=== To do ===
Among the entries below, only the lines from the one with "Casa com 4 Quartos" through the one with "Vaude Top Case Weekender sac de voyage 48 cm" are wanted, reproduced exactly. Pictures are not wanted.

[[ Exercise data, beginning ]]

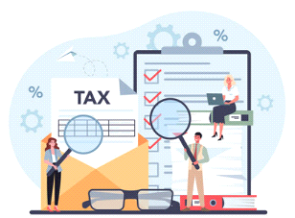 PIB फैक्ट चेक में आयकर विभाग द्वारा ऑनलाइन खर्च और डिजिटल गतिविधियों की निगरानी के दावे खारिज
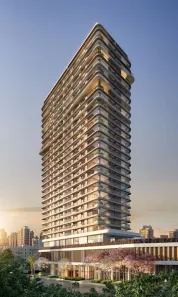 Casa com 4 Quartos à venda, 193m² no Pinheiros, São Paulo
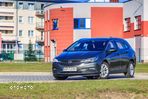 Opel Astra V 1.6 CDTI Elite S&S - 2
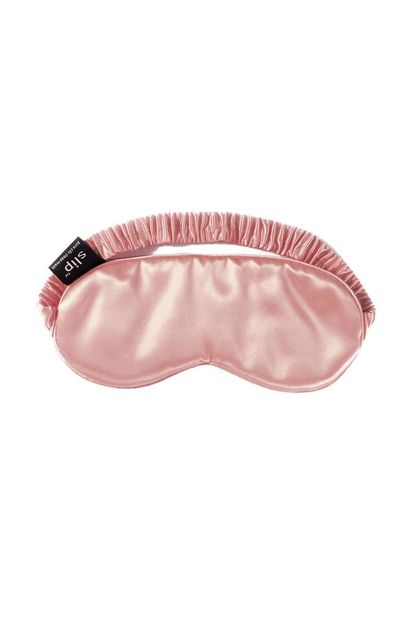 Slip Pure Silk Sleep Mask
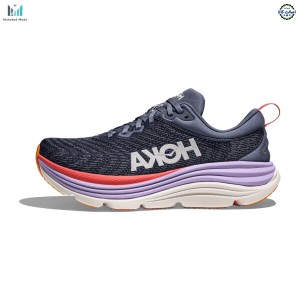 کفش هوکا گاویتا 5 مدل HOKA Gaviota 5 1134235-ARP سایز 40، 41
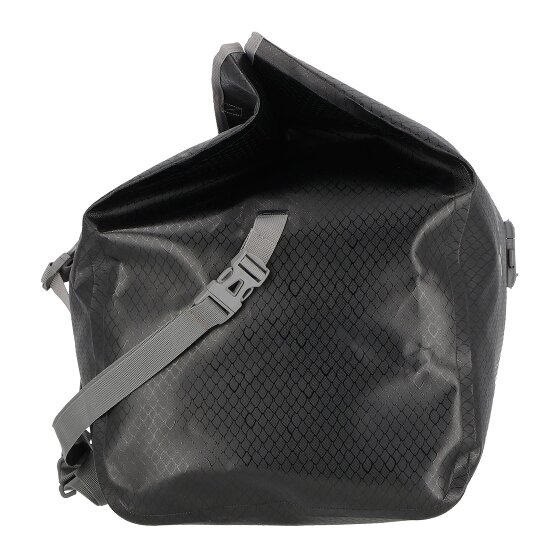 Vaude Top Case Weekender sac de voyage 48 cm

[[ Exercise data, end ]]
[[ Exercise data, beginning ]]

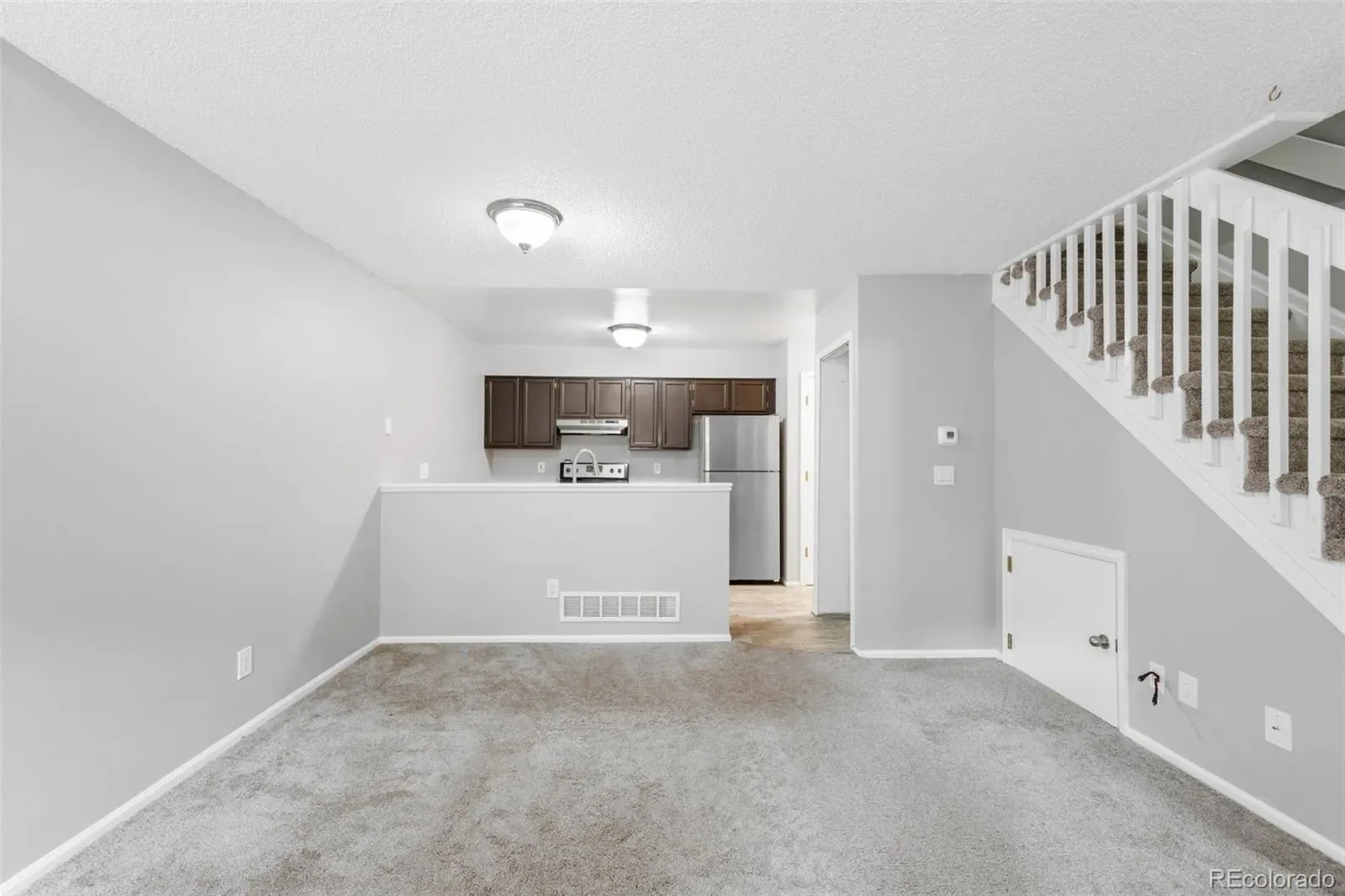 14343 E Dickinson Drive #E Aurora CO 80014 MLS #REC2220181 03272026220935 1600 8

[[ Exercise data, end ]]

=== Completed task ===
 Casa com 4 Quartos à venda, 193m² no Pinheiros, São Paulo
 Opel Astra V 1.6 CDTI Elite S&S - 2
 Slip Pure Silk Sleep Mask
 کفش هوکا گاویتا 5 مدل HOKA Gaviota 5 1134235-ARP سایز 40، 41
 Vaude Top Case Weekender sac de voyage 48 cm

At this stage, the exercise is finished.